* [Problem to solve] Omit the pictures and return exactly the stretch of the material below from the line with "this 550×367 image." through the line with "this 1100×619 image.".

* [Record excerpts]
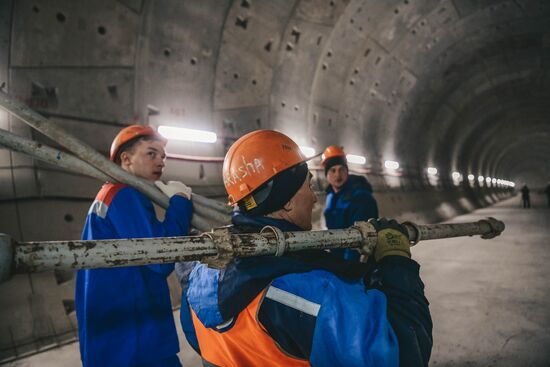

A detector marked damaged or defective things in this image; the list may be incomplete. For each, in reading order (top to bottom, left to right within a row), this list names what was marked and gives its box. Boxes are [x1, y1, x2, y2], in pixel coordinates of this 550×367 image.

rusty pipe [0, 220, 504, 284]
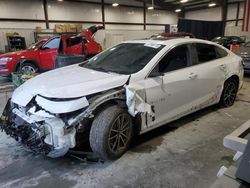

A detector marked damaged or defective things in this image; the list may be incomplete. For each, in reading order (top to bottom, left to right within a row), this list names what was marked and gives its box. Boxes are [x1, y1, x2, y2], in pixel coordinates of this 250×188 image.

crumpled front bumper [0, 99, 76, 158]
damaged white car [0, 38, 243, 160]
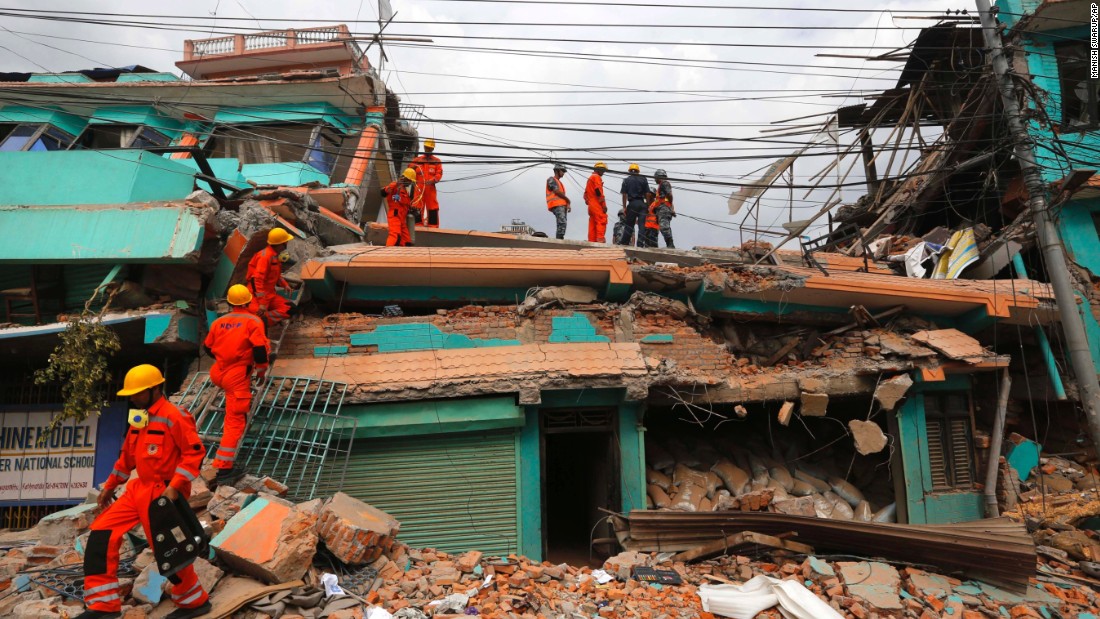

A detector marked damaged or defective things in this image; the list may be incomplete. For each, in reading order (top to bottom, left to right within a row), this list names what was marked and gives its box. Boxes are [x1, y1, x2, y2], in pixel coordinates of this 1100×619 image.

* * *

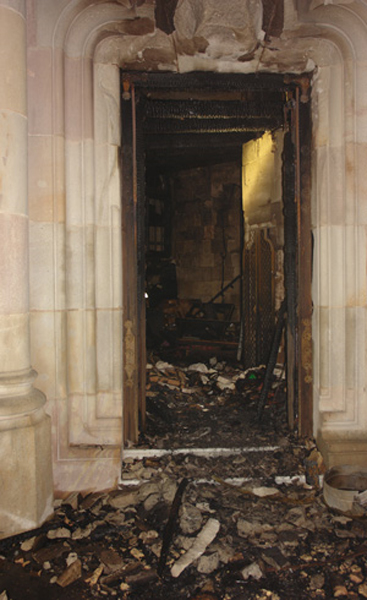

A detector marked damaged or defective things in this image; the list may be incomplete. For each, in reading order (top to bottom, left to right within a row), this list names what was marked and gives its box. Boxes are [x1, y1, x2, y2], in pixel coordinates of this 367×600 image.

* [Response area]
A detector marked damaged or defective things in this image; the list may be incomplete. For each, in reading order (top to bottom, left to right within a row), this list names what was marked and gives its box. Boxes are [x1, y1, x2, y2], in pixel coordinates of this 550×367 image.

rusty pipe [0, 220, 504, 284]

A detector marked damaged or defective things in this image; the list may be incomplete. For each, in reading order (top to bottom, left to right within a row), this list names what was marked and gives its box. Boxes are [x1, y1, x2, y2], in pixel coordinates of this 250×188 image.

crumpled front bumper [0, 99, 76, 158]
damaged white car [0, 38, 243, 160]

A detector marked damaged or defective things in this image; the list may be incomplete. For each, in reading order (top to bottom, left to right within a row), this list names what was marked and gives its box. Boxes are [x1, y1, x2, y2], in pixel coordinates of this 1100×619 image.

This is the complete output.